[Extracted records]

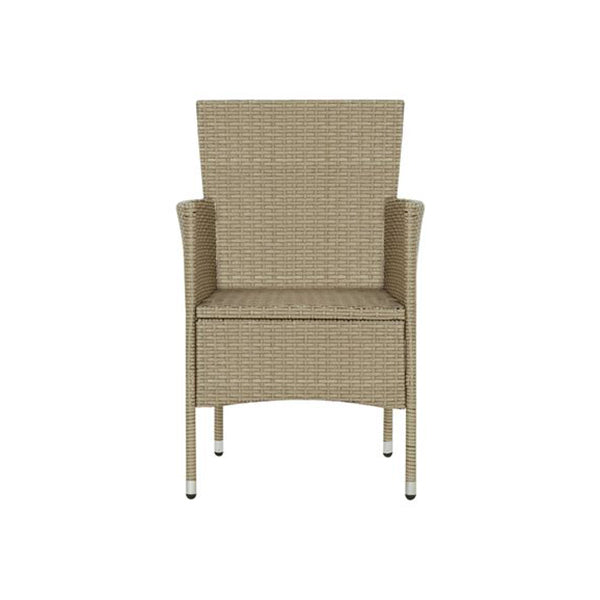 4 Pcs Garden Dining Chairs Poly Rattan Beige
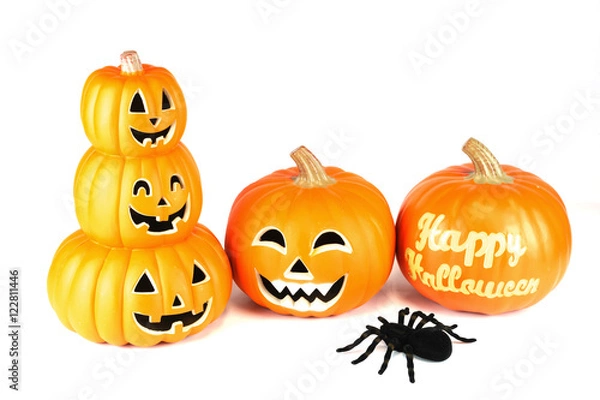 Fototapeta Halloween pumpkin lantern and spider isolated on white background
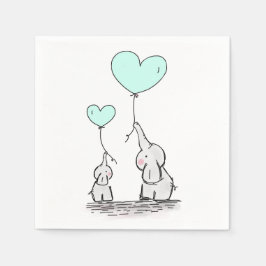 Servilleta De Papel Elefantes | Baby Shower Mint Green Heart Balloons
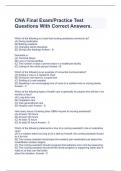 CNA Final Exam&sol;Practice Test Questions With Correct Answers&period;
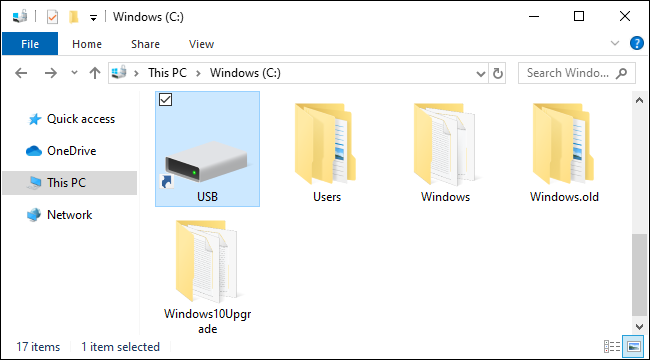 USB drive mounted as a folder on Windows 10.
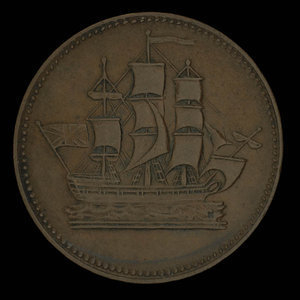 Canada, inconnu, 1/2 penny : 1835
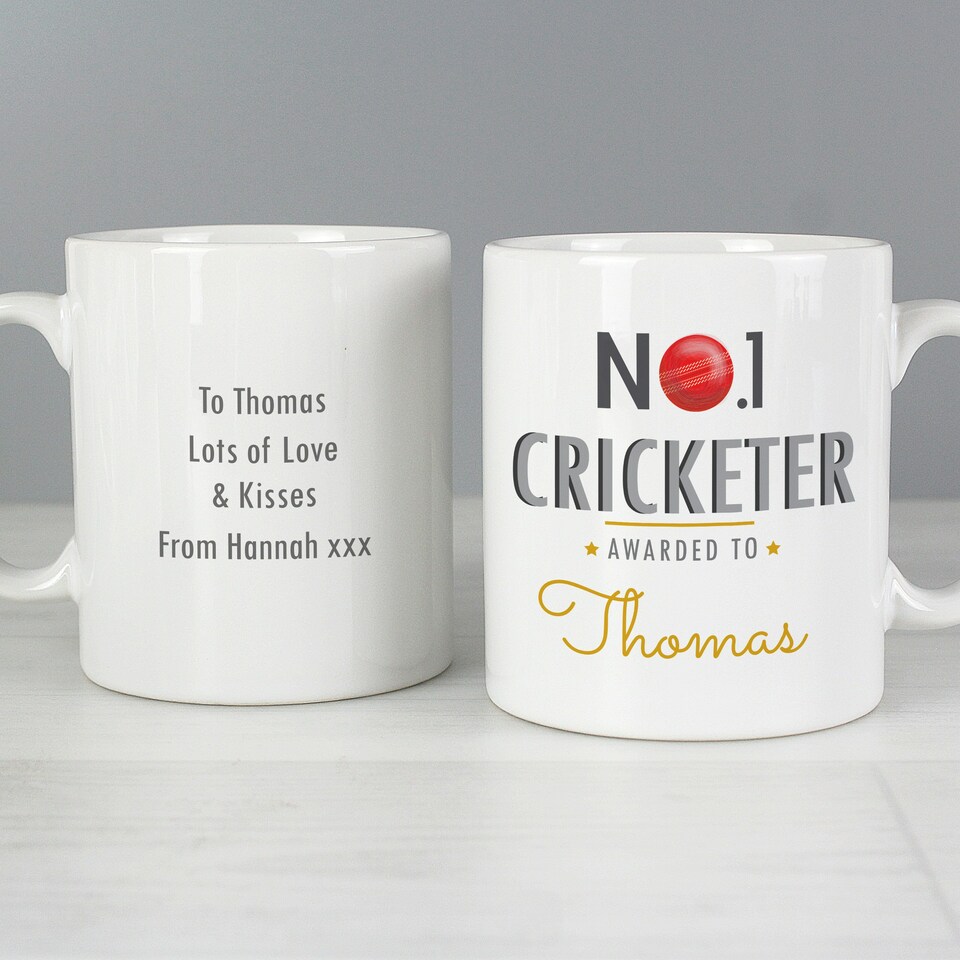 image 1 of Personalised No.1 Cricketer Mug White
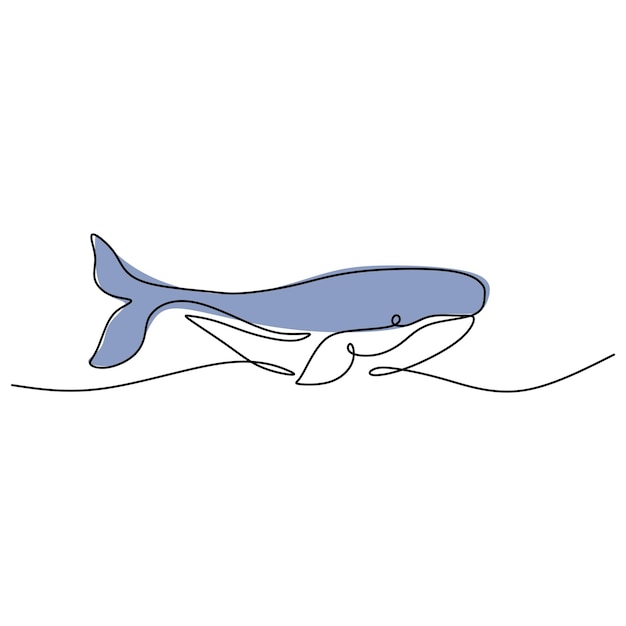 Continuous one line of blue whale poster for wallpaper isolated on white background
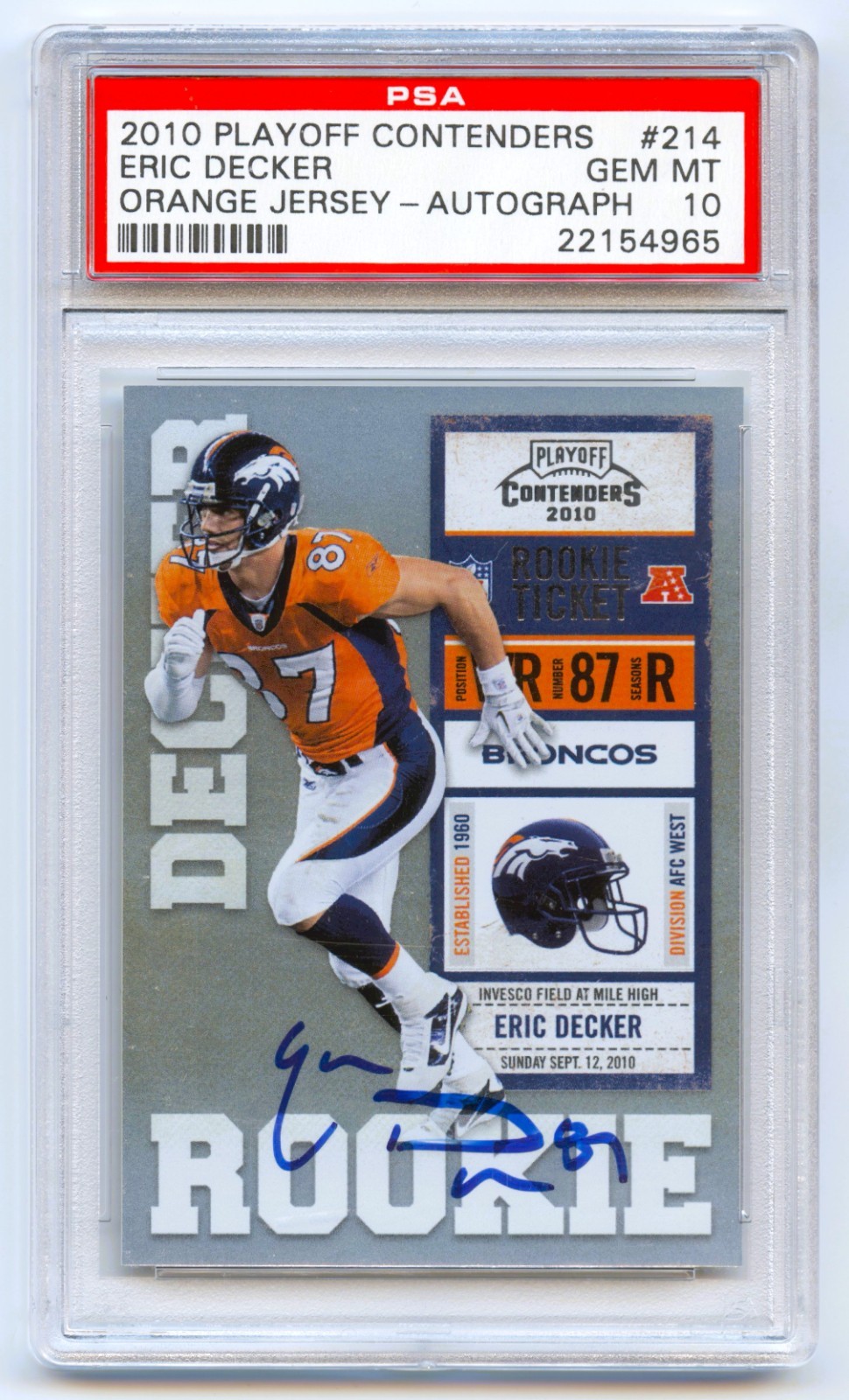 ERIC DECKER 2010 CONTENDERS ORANGE JERSEY VARIATION AUTO RC /492 PSA 10 *POP 6*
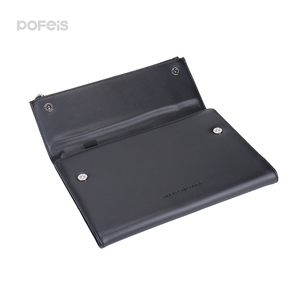 Porte-documents en cuir avec logo personnalisé, fermeture éclair, carnet, porte-documents en cuir à trois volets, sac de bureau pour femmes d'affaires avec poignée - Product Image 3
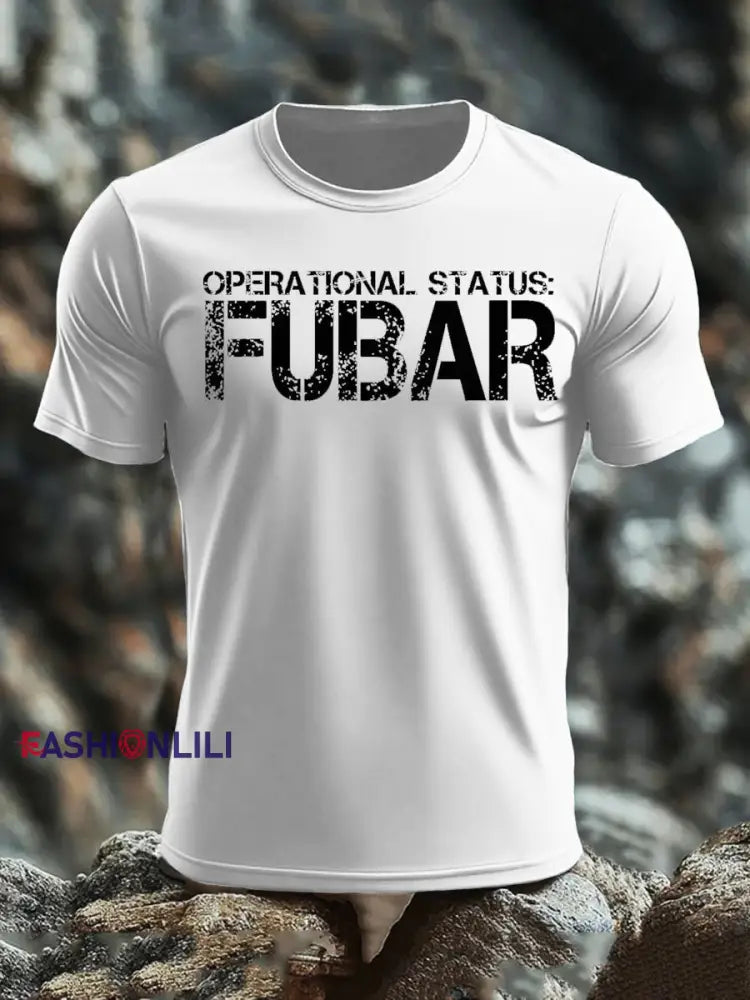 Men’s Veteran imitation cotton short sleeved T shirt White / S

- Task: Write out exactly, and nothing more than, the lines of the entries above from the line containing "Continuous one line" through the final line; omit any pictures.

- Response area:
 Continuous one line of blue whale poster for wallpaper isolated on white background
 ERIC DECKER 2010 CONTENDERS ORANGE JERSEY VARIATION AUTO RC /492 PSA 10 *POP 6*
 Porte-documents en cuir avec logo personnalisé, fermeture éclair, carnet, porte-documents en cuir à trois volets, sac de bureau pour femmes d'affaires avec poignée - Product Image 3
 Men’s Veteran imitation cotton short sleeved T shirt White / S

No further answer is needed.